*Aim of the task:* Give the data again in its entirety, exactly as provided.

────

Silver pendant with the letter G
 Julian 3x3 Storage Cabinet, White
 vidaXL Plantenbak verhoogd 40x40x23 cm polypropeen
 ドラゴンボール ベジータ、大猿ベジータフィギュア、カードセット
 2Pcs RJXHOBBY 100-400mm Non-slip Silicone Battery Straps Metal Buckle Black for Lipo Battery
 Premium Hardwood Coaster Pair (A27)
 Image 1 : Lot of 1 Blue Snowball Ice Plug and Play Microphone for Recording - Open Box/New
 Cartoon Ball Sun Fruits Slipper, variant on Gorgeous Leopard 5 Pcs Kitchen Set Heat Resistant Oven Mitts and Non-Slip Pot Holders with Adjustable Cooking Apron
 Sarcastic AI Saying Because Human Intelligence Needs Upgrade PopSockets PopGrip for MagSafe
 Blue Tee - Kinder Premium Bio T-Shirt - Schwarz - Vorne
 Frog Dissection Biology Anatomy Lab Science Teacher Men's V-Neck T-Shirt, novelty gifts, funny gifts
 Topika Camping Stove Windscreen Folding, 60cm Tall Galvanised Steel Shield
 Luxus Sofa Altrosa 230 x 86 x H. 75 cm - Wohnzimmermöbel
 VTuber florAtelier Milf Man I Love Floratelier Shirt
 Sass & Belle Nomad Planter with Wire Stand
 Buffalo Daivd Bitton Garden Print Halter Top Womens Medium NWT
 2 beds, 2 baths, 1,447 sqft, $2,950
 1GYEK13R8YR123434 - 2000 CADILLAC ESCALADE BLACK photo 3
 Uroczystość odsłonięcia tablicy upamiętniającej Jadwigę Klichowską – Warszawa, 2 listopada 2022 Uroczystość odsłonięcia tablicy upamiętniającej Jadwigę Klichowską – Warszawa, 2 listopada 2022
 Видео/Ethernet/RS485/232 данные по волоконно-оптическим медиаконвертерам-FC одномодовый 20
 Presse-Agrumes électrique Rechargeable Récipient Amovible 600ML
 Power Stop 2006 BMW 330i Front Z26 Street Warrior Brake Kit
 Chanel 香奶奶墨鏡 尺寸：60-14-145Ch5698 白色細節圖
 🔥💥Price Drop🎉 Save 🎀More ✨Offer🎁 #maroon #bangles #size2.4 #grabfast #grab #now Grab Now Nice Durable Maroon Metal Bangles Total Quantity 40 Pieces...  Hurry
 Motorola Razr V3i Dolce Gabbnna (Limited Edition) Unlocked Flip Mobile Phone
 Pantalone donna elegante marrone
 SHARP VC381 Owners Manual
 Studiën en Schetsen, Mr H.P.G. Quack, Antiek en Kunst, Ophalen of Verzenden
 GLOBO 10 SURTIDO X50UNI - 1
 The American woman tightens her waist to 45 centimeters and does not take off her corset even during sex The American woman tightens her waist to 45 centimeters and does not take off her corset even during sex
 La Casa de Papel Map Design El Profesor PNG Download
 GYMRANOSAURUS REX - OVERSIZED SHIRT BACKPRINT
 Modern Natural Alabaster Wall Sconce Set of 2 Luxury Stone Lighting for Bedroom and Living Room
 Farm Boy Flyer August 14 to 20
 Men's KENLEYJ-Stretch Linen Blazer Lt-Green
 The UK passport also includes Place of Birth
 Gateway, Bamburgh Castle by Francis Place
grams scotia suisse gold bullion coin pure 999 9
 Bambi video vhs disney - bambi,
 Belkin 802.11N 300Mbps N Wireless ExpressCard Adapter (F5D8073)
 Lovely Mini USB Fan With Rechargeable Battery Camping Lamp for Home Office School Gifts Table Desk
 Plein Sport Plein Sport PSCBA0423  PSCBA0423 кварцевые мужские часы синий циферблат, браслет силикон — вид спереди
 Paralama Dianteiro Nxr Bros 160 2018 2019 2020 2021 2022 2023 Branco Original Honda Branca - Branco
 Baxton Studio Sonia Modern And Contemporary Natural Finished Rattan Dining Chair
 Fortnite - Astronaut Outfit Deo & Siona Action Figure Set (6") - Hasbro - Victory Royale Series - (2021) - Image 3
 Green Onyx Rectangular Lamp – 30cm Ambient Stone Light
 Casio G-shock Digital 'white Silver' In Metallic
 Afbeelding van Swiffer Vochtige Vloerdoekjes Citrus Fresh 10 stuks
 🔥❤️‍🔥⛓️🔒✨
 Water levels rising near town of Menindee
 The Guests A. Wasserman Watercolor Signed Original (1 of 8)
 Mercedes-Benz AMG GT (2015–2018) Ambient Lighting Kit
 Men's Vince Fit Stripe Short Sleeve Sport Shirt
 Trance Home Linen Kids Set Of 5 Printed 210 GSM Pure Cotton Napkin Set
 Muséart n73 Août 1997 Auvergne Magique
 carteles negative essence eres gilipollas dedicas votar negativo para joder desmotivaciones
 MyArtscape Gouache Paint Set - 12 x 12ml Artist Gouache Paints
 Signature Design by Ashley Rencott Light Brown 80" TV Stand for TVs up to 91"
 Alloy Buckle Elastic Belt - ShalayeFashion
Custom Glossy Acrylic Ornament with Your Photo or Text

────

*Solved exercise:*
Silver pendant with the letter G
 Julian 3x3 Storage Cabinet, White
 vidaXL Plantenbak verhoogd 40x40x23 cm polypropeen
 ドラゴンボール ベジータ、大猿ベジータフィギュア、カードセット
 2Pcs RJXHOBBY 100-400mm Non-slip Silicone Battery Straps Metal Buckle Black for Lipo Battery
 Premium Hardwood Coaster Pair (A27)
 Image 1 : Lot of 1 Blue Snowball Ice Plug and Play Microphone for Recording - Open Box/New
 Cartoon Ball Sun Fruits Slipper, variant on Gorgeous Leopard 5 Pcs Kitchen Set Heat Resistant Oven Mitts and Non-Slip Pot Holders with Adjustable Cooking Apron
 Sarcastic AI Saying Because Human Intelligence Needs Upgrade PopSockets PopGrip for MagSafe
 Blue Tee - Kinder Premium Bio T-Shirt - Schwarz - Vorne
 Frog Dissection Biology Anatomy Lab Science Teacher Men's V-Neck T-Shirt, novelty gifts, funny gifts
 Topika Camping Stove Windscreen Folding, 60cm Tall Galvanised Steel Shield
 Luxus Sofa Altrosa 230 x 86 x H. 75 cm - Wohnzimmermöbel
 VTuber florAtelier Milf Man I Love Floratelier Shirt
 Sass & Belle Nomad Planter with Wire Stand
 Buffalo Daivd Bitton Garden Print Halter Top Womens Medium NWT
 2 beds, 2 baths, 1,447 sqft, $2,950
 1GYEK13R8YR123434 - 2000 CADILLAC ESCALADE BLACK photo 3
 Uroczystość odsłonięcia tablicy upamiętniającej Jadwigę Klichowską – Warszawa, 2 listopada 2022 Uroczystość odsłonięcia tablicy upamiętniającej Jadwigę Klichowską – Warszawa, 2 listopada 2022
 Видео/Ethernet/RS485/232 данные по волоконно-оптическим медиаконвертерам-FC одномодовый 20
 Presse-Agrumes électrique Rechargeable Récipient Amovible 600ML
 Power Stop 2006 BMW 330i Front Z26 Street Warrior Brake Kit
 Chanel 香奶奶墨鏡 尺寸：60-14-145Ch5698 白色細節圖
 🔥💥Price Drop🎉 Save 🎀More ✨Offer🎁 #maroon #bangles #size2.4 #grabfast #grab #now Grab Now Nice Durable Maroon Metal Bangles Total Quantity 40 Pieces...  Hurry
 Motorola Razr V3i Dolce Gabbnna (Limited Edition) Unlocked Flip Mobile Phone
 Pantalone donna elegante marrone
 SHARP VC381 Owners Manual
 Studiën en Schetsen, Mr H.P.G. Quack, Antiek en Kunst, Ophalen of Verzenden
 GLOBO 10 SURTIDO X50UNI - 1
 The American woman tightens her waist to 45 centimeters and does not take off her corset even during sex The American woman tightens her waist to 45 centimeters and does not take off her corset even during sex
 La Casa de Papel Map Design El Profesor PNG Download
 GYMRANOSAURUS REX - OVERSIZED SHIRT BACKPRINT
 Modern Natural Alabaster Wall Sconce Set of 2 Luxury Stone Lighting for Bedroom and Living Room
 Farm Boy Flyer August 14 to 20
 Men's KENLEYJ-Stretch Linen Blazer Lt-Green
 The UK passport also includes Place of Birth
 Gateway, Bamburgh Castle by Francis Place
grams scotia suisse gold bullion coin pure 999 9
 Bambi video vhs disney - bambi,
 Belkin 802.11N 300Mbps N Wireless ExpressCard Adapter (F5D8073)
 Lovely Mini USB Fan With Rechargeable Battery Camping Lamp for Home Office School Gifts Table Desk
 Plein Sport Plein Sport PSCBA0423  PSCBA0423 кварцевые мужские часы синий циферблат, браслет силикон — вид спереди
 Paralama Dianteiro Nxr Bros 160 2018 2019 2020 2021 2022 2023 Branco Original Honda Branca - Branco
 Baxton Studio Sonia Modern And Contemporary Natural Finished Rattan Dining Chair
 Fortnite - Astronaut Outfit Deo & Siona Action Figure Set (6") - Hasbro - Victory Royale Series - (2021) - Image 3
 Green Onyx Rectangular Lamp – 30cm Ambient Stone Light
 Casio G-shock Digital 'white Silver' In Metallic
 Afbeelding van Swiffer Vochtige Vloerdoekjes Citrus Fresh 10 stuks
 🔥❤️‍🔥⛓️🔒✨
 Water levels rising near town of Menindee
 The Guests A. Wasserman Watercolor Signed Original (1 of 8)
 Mercedes-Benz AMG GT (2015–2018) Ambient Lighting Kit
 Men's Vince Fit Stripe Short Sleeve Sport Shirt
 Trance Home Linen Kids Set Of 5 Printed 210 GSM Pure Cotton Napkin Set
 Muséart n73 Août 1997 Auvergne Magique
 carteles negative essence eres gilipollas dedicas votar negativo para joder desmotivaciones
 MyArtscape Gouache Paint Set - 12 x 12ml Artist Gouache Paints
 Signature Design by Ashley Rencott Light Brown 80" TV Stand for TVs up to 91"
 Alloy Buckle Elastic Belt - ShalayeFashion
Custom Glossy Acrylic Ornament with Your Photo or Text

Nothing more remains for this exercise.